Two more quick notes on the Ryan budget's tax numbers:
1. I said yesterday that what's real about the budget as a whole is that it's an opening bid for further negotiations. That might be wrong. The other possibility, as Ed Kilgore says, is that it's simply a gift to the crazies in exchange for not blocking the debt limit increase last time around -- and perhaps the next time, too. Could be!
2. The implausibility of the tax numbers is drawing a lot of attention. But on second thought, I'm not sure that's fair, or at least necessary. This is a budget, not a tax reform plan. As long as the tax cuts proposed in the budget are only intended -- and will only be implemented -- as part of revenue-neutral comprehensive tax reform, then who cares (from a budget point of view) whether it's going to be possible to come up with enough offsets to make it work? If it doesn't, then (presumably) tax policy just reverts to the status quo.

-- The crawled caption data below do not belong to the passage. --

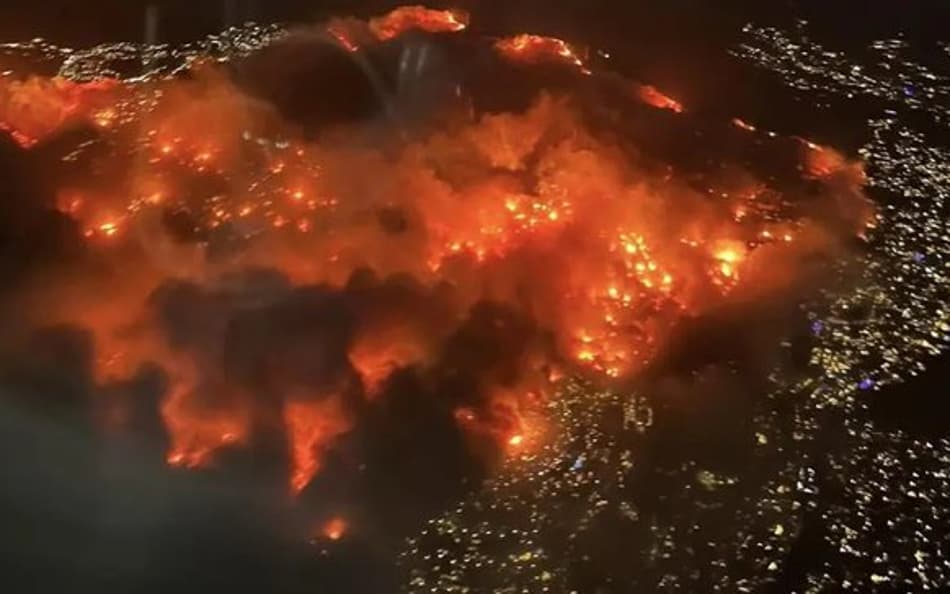 Ex-lutadora de UFC dá à luz em meio a incêndios em Los Angeles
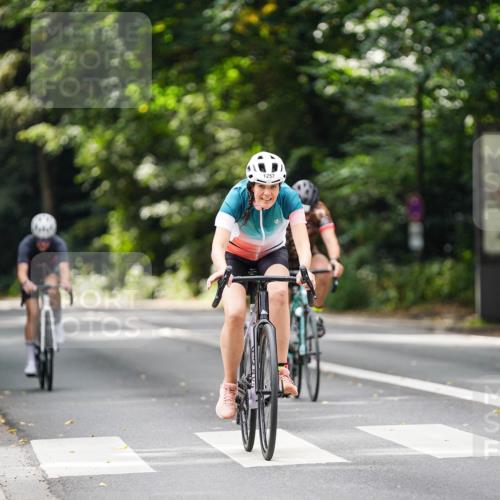 14.09.2025 - Stadtparktriathlon Michael Burmester http://msf.ph/oto/8914543 14.09.2025 12:36:38 Radfahren 1151, 1257, 1264, 1377 meine-sportfotos.de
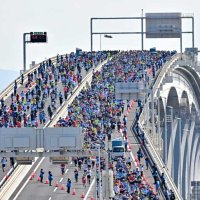 コロナ超え定着期待　親子、車いす“新種目”も　４年ぶりアクアマラソン　【２０２２年　ちば回顧】（５）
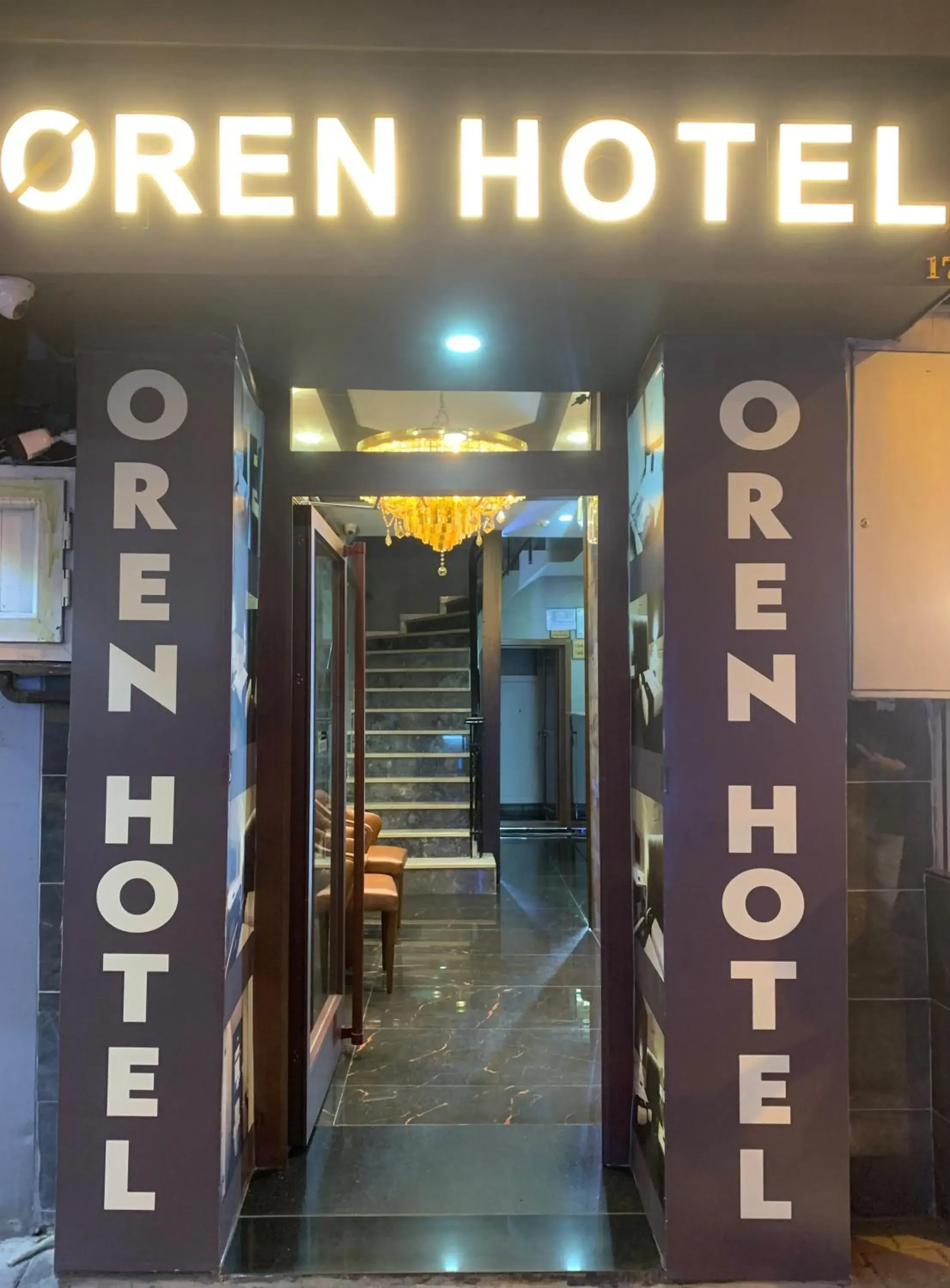 Property Logo/Sign in Oren Hotel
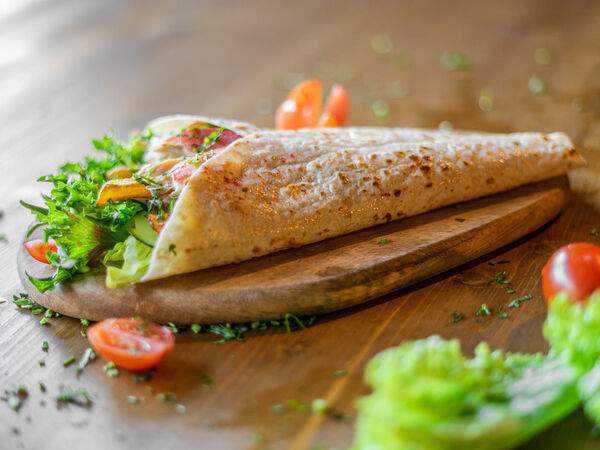 Leo shaverma and bar - Шаверма с говядиной Греческая Сувлаки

So perhaps what people need to know about Ryan and the House Republicans is (1) whether they'll use real numbers in their projections -- which it appears so far that they are -- and (2) are all the tax cuts mentioned in the budget contingent on revenue-neutral tax reform, or only the tax rate cuts? As long as the answers tell us that we can trust that their plans should get to the overall revenue estimates, then I'm not sure how much it matters that what they're promising for tax reform is entirely implausible.